[r6rs-discuss] [Formal] Reduce over-specification as well as under-specification.

From: William D Clinger <will>
Date: Mon Nov 13 21:14:44 2006

---
This message is a formal comment which was submitted to formal-comment_at_r6rs.org, following the requirements described at: http://www.r6rs.org/process.html
---
Submitter: William D Clinger
Email address: will_at_ccs.neu.edu
Issue type: Simplification
Priority: Major
Component: Presentation
Report version: 5.91
Summary: Reduce over-specification as well as under-specification.
Full description of issue:
The draft R6RS often specifies things that do not need
to be specified, even as it neglects to specify related
things that do need to be specified.
For example, the draft R6RS often does a better job of
specifying which programs are incorrect (because they
raise an exception) than of specifying which programs
are correct, or of how correct programs will behave.
The R6RS ought to distinguish the responsibilities of
programmers (clients) from the responsibilities of
those who implement the language (implementors).  It
ought to describe those responsibilities clearly,
without pretending one set of responsibilities can
be inferred from the other.  In particular, the R6RS
ought not to pretend everything that implementations
are not required to detect is legal, nor to pretend
implementations must detect all illegal programs.

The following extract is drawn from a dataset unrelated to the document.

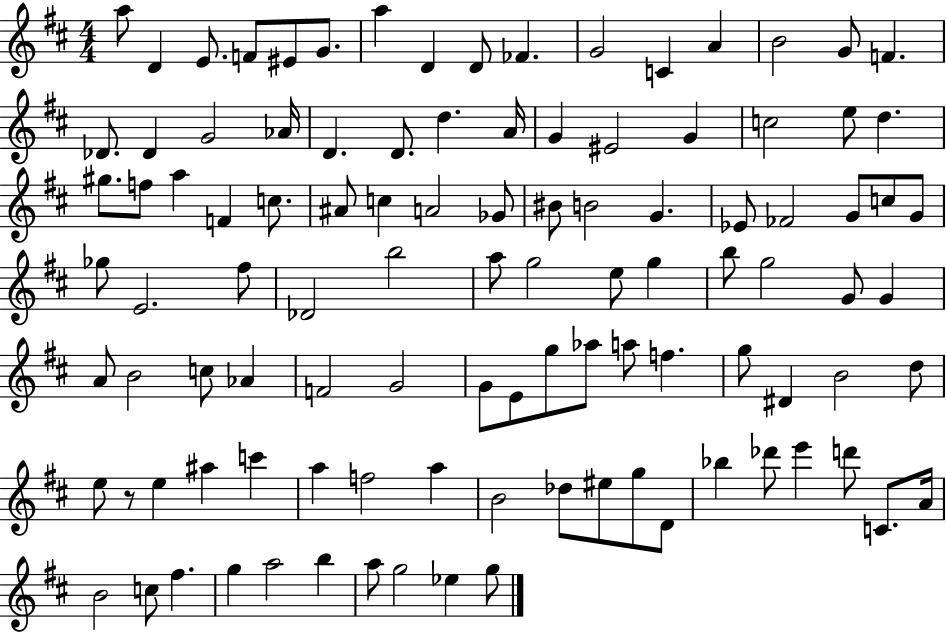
A5/e D4/q E4/e. F4/e EIS4/e G4/e. A5/q D4/q D4/e FES4/q. G4/h C4/q A4/q B4/h G4/e F4/q. Db4/e. Db4/q G4/h Ab4/s D4/q. D4/e. D5/q. A4/s G4/q EIS4/h G4/q C5/h E5/e D5/q. G#5/e. F5/e A5/q F4/q C5/e. A#4/e C5/q A4/h Gb4/e BIS4/e B4/h G4/q. Eb4/e FES4/h G4/e C5/e G4/e Gb5/e E4/h. F#5/e Db4/h B5/h A5/e G5/h E5/e G5/q B5/e G5/h G4/e G4/q A4/e B4/h C5/e Ab4/q F4/h G4/h G4/e E4/e G5/e Ab5/e A5/e F5/q. G5/e D#4/q B4/h D5/e E5/e R/e E5/q A#5/q C6/q A5/q F5/h A5/q B4/h Db5/e EIS5/e G5/e D4/e Bb5/q Db6/e E6/q D6/e C4/e. A4/s B4/h C5/e F#5/q. G5/q A5/h B5/q A5/e G5/h Eb5/q G5/e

This is a pervasive problem with the draft R6RS.  The
problem appears to be rooted within a tacit philosophy
or ideology whose unintended effects are to increase
the complexity of the draft R6RS and to interfere with
the pragmatic goal of writing portable programs.  This
comment describes several specific examples of the
problem, but systematic repair will require
reconsideration and editing of the entire report.
                                * * *
The reports on Scheme amount to informal axiomatic
specifications of the language.  Programmers can rely
on any behavior that is implied by the axioms, and
cannot rely on any behavior that is not implied by
the axioms.  Implementations of Scheme must satisfy
the axioms, but may exhibit arbitrary behavior for
situations not covered by the axioms.
In model-theoretic words, an implementation is a model
of the axiomatic specification (not the other way
around).  The Scheme reports are like the axioms of
group theory or point set topology---and unlike the
axioms of Euclidean plane geometry or the second order
axioms of Peano arithmetic---in that they are intended
to describe many models (implementations), not just one.
Portable programs must rely only on behaviors that are
guaranteed by the axioms.  One of the main reasons it
has been so difficult to write portable programs in
Scheme is that the axiomatic specifications expressed
by previous reports were too weak.  It is appropriate
for the R6RS to strengthen those specifications.
The R6RS does not need to strengthen its specification
so much that it allows only one model, or a single
behavior, or a single implementation, or recursively
enumerable behaviors.  Unnecessary over-specification,
such as specifying the unspecified value, does not
contribute to portability; it is more likely to detract
from portability, by wasting time on things that don't
matter.  Over-specification also increases the complexity
of the report, which makes it harder for reviewers of the
draft to spot problems with it, and makes misinterpretation
of the specification by programmers and implementors alike
more likely.
Over-specification is counter-productive.
Where previous reports have erred by under-specifying,
the draft R6RS frequently errs by over-specifying, while
continuing to under-specify some of the more important
things.  For example, the draft R6RS often provides a
detailed specification of circumstances under which
implementations are required to raise some exception,
while failing to describe the circumstances under which
implementations are forbidden to raise the exception.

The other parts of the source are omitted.